#### DATA:
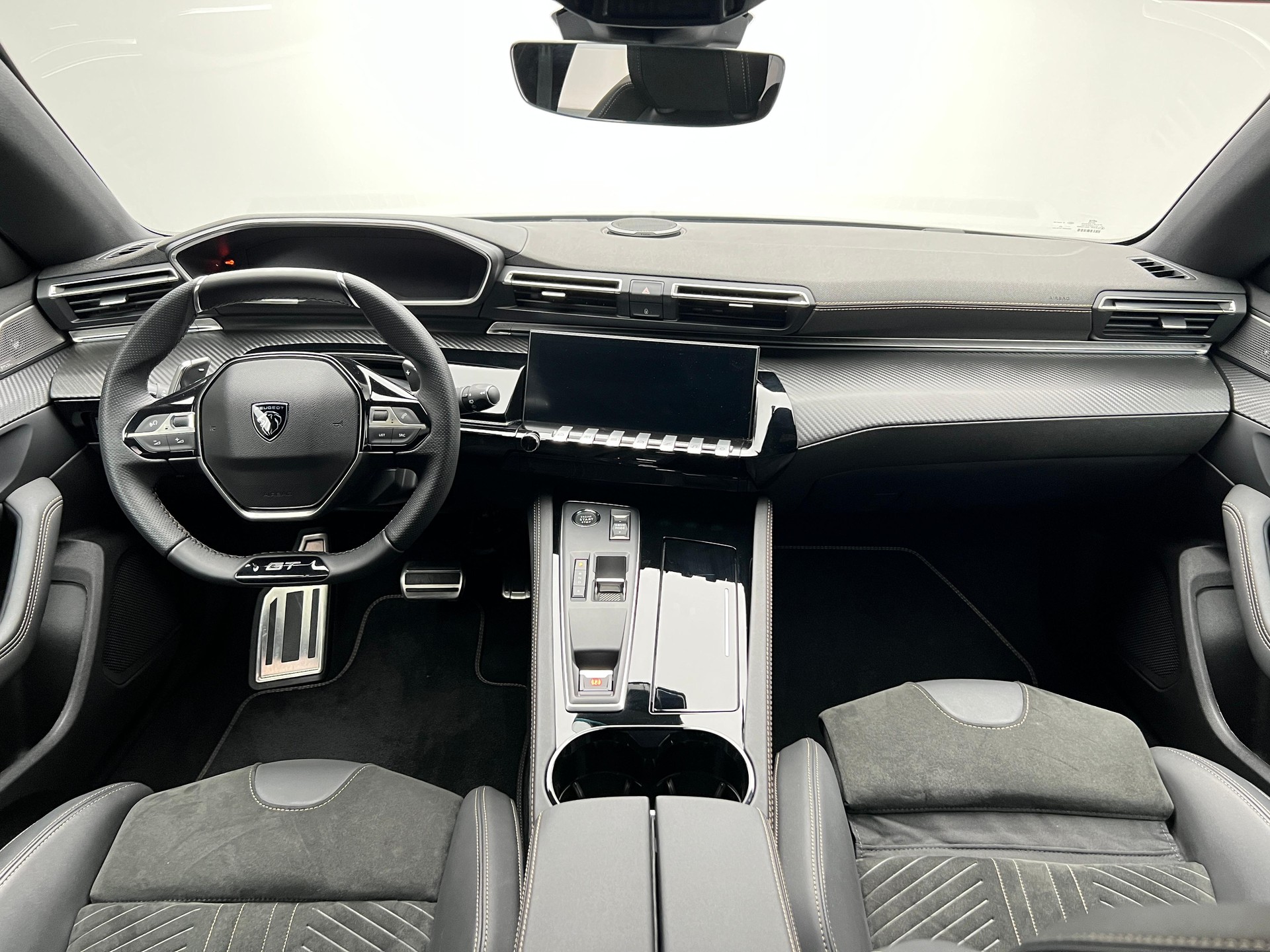 PEUGEOT 508 SW 1.6 Plug-in Hybrid GT-image-9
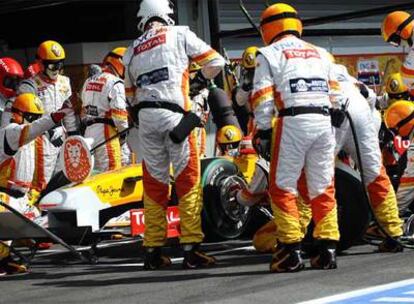 Fernando Alonso durante una parada para repostar.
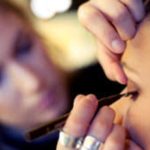 Pelatihan Makeup Bersertifikat vs Kursus Biasa: Mana yang Lebih Menguntungkan?
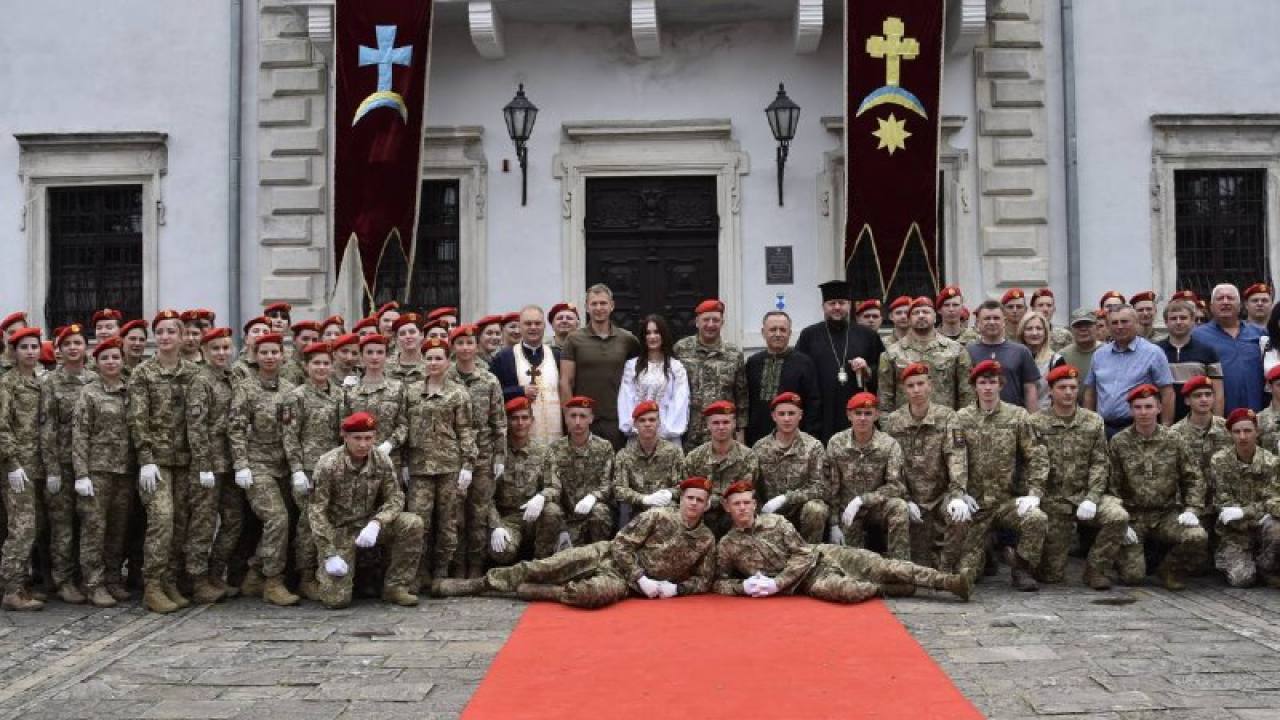 Випускникам Тернопільського професійного коледжу з посиленою військовою та фізичною підготовкою вручили дипломи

#### EXERCISE AIM:
Set down word for word, from the line that contains "Pelatihan Makeup Bersertifikat" to the end of the listing above, every line and no picture.

#### PROBLEM SOLUTION:
 Pelatihan Makeup Bersertifikat vs Kursus Biasa: Mana yang Lebih Menguntungkan?
 Випускникам Тернопільського професійного коледжу з посиленою військовою та фізичною підготовкою вручили дипломи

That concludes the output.